**Exercise material:**
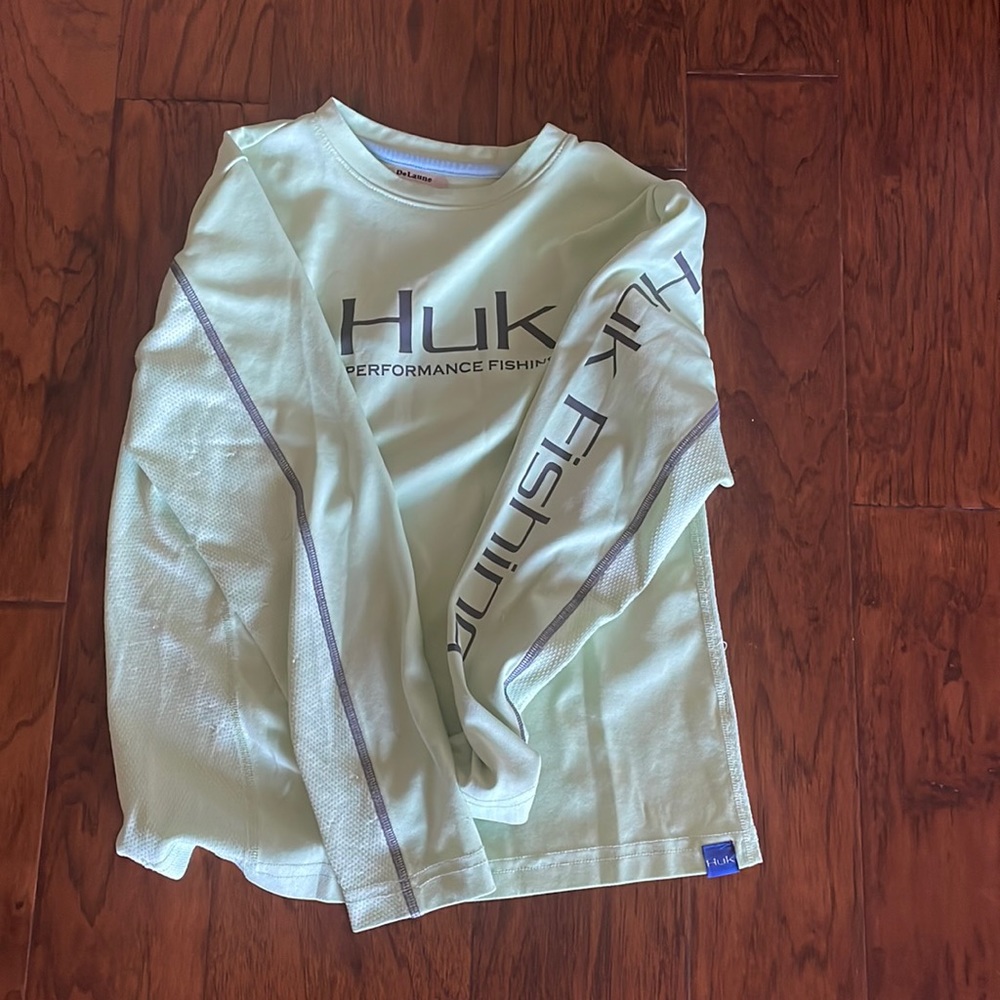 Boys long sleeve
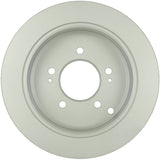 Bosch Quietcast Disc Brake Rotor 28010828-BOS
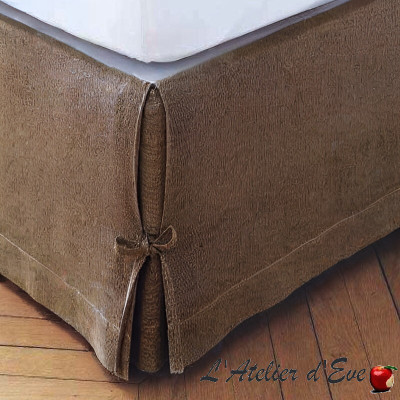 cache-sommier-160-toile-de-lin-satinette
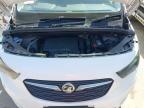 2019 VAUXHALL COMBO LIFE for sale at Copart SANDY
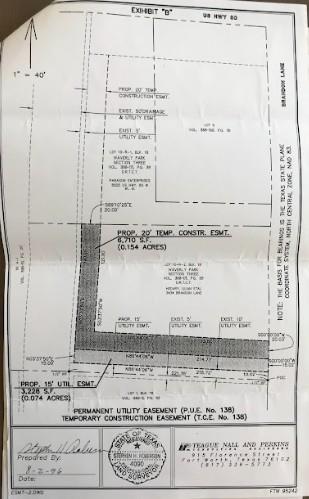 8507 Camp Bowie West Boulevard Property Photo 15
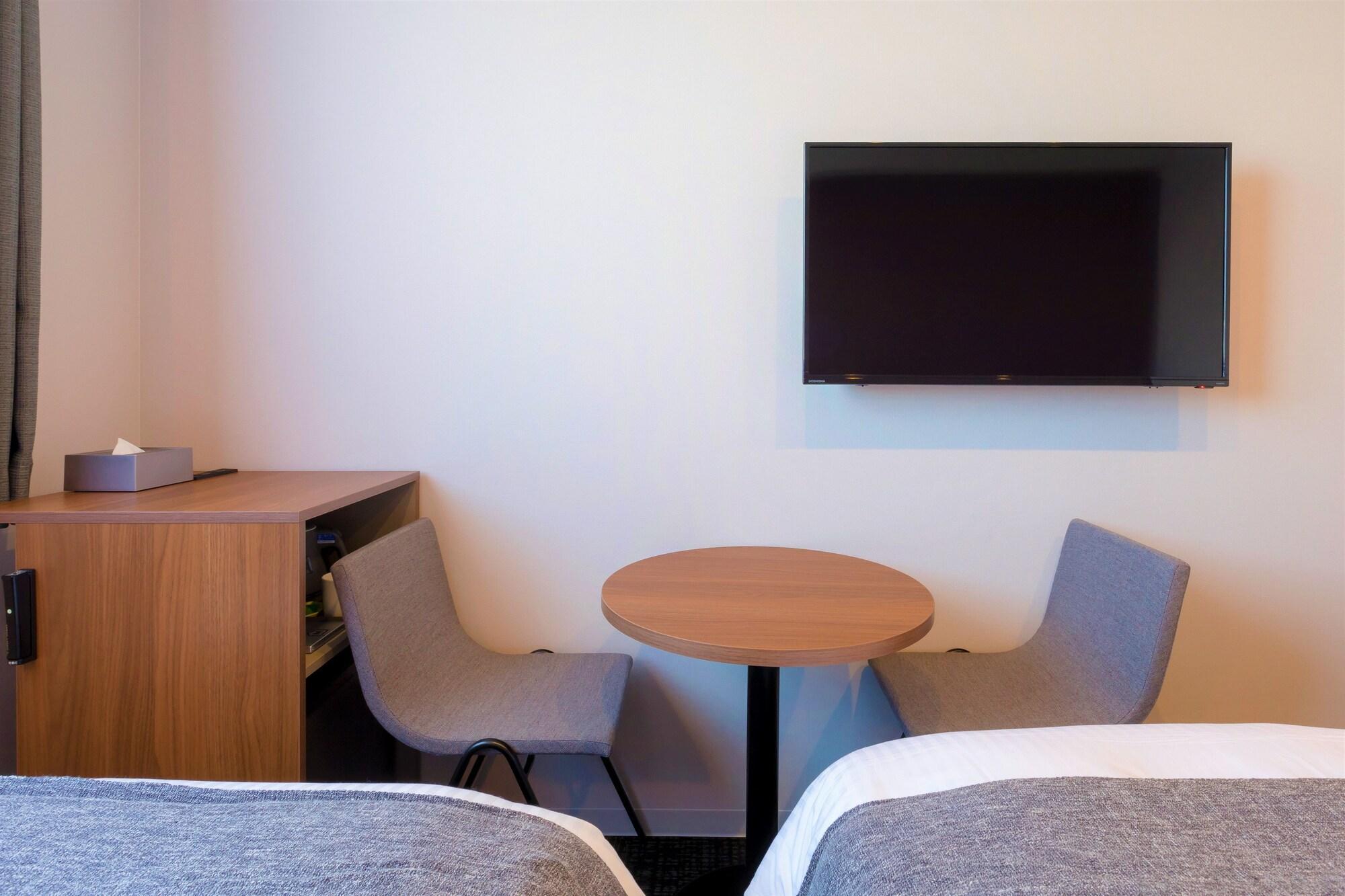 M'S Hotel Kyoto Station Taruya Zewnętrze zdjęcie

...

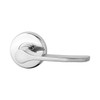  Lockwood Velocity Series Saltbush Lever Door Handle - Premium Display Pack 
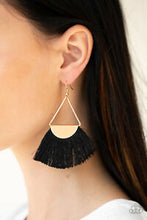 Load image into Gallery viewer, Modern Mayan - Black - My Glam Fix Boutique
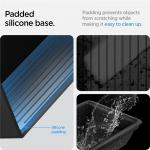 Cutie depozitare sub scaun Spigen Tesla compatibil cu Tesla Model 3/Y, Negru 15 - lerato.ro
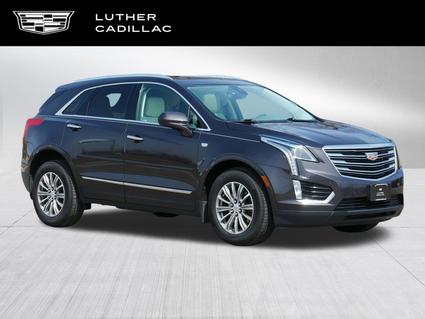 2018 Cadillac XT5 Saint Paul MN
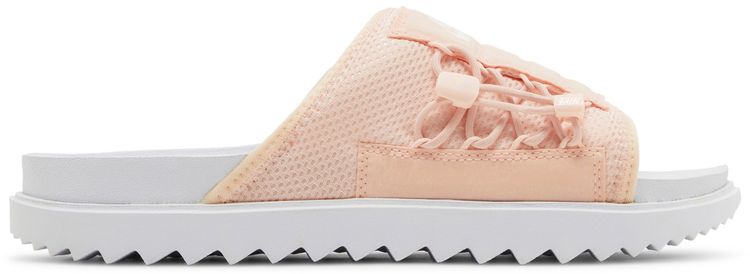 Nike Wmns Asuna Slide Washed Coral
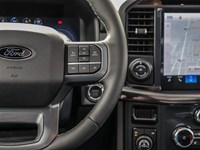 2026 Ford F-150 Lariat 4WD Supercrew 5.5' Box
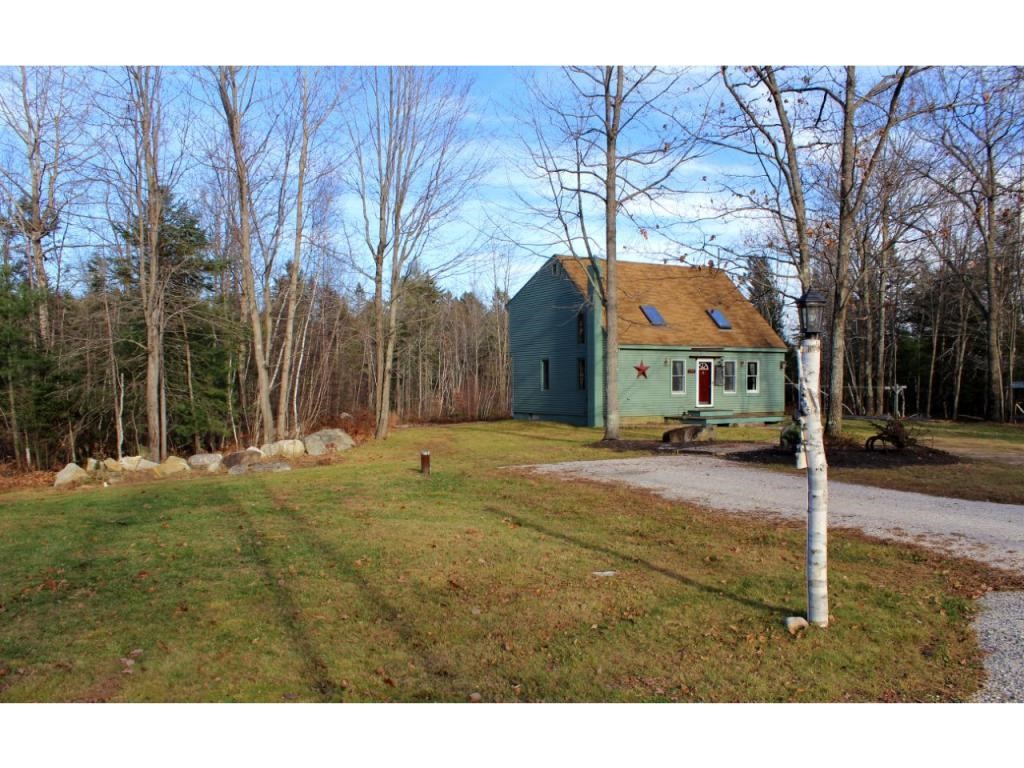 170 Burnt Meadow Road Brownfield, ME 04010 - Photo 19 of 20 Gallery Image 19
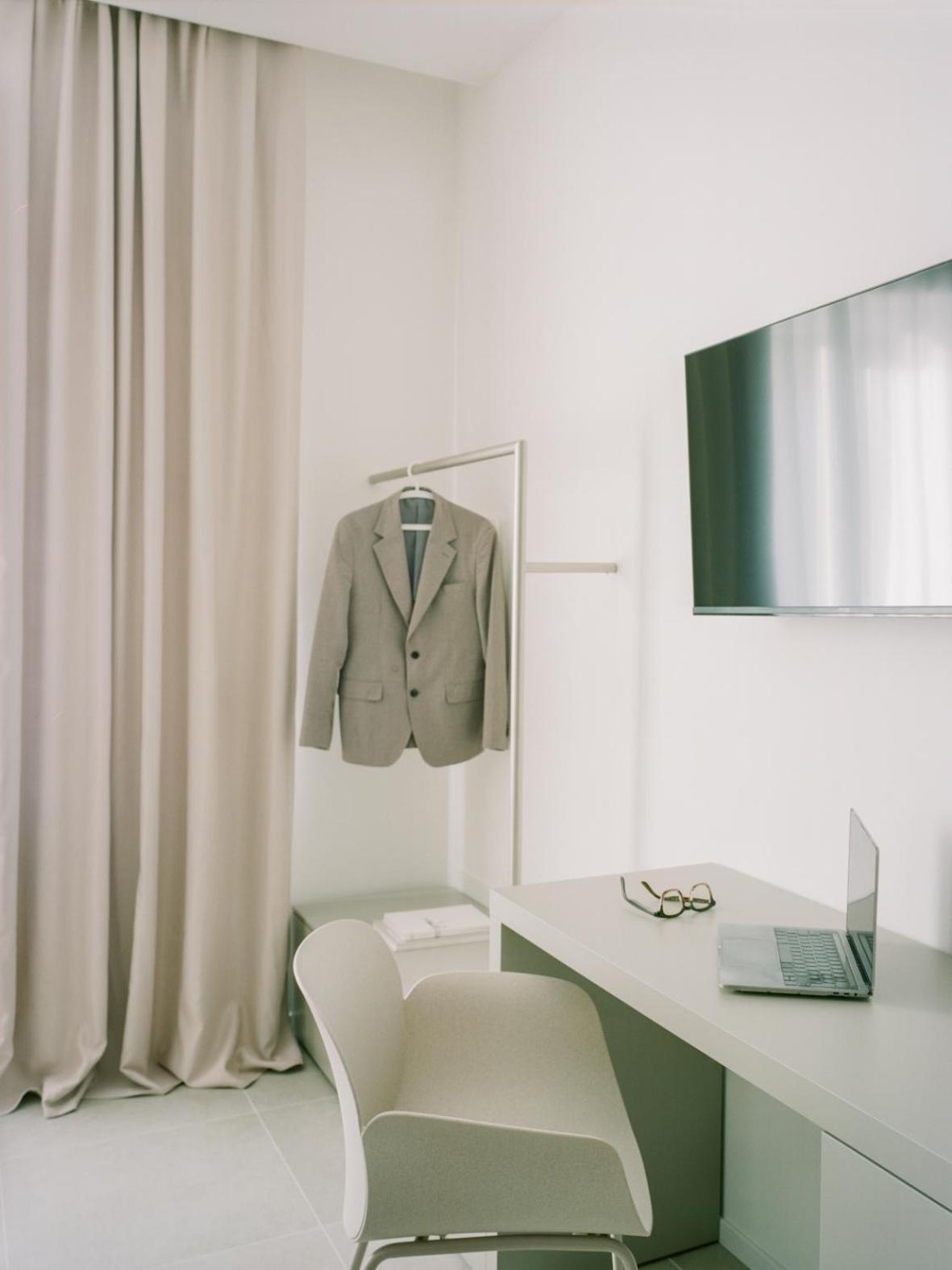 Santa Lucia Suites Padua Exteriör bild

**What the task requires:**
Find the line with "Load image into" and the line with "Santa Lucia Suites Padua Exteriör bild" in the records above. Copy both and all lines between them exactly, without pictures.

**Output below:**
 Load image into Gallery viewer, Modern Mayan - Black - My Glam Fix Boutique
 Cutie depozitare sub scaun Spigen Tesla compatibil cu Tesla Model 3/Y, Negru 15 - lerato.ro
 2018 Cadillac XT5 Saint Paul MN
 Nike Wmns Asuna Slide Washed Coral
 2026 Ford F-150 Lariat 4WD Supercrew 5.5' Box
 170 Burnt Meadow Road Brownfield, ME 04010 - Photo 19 of 20 Gallery Image 19
 Santa Lucia Suites Padua Exteriör bild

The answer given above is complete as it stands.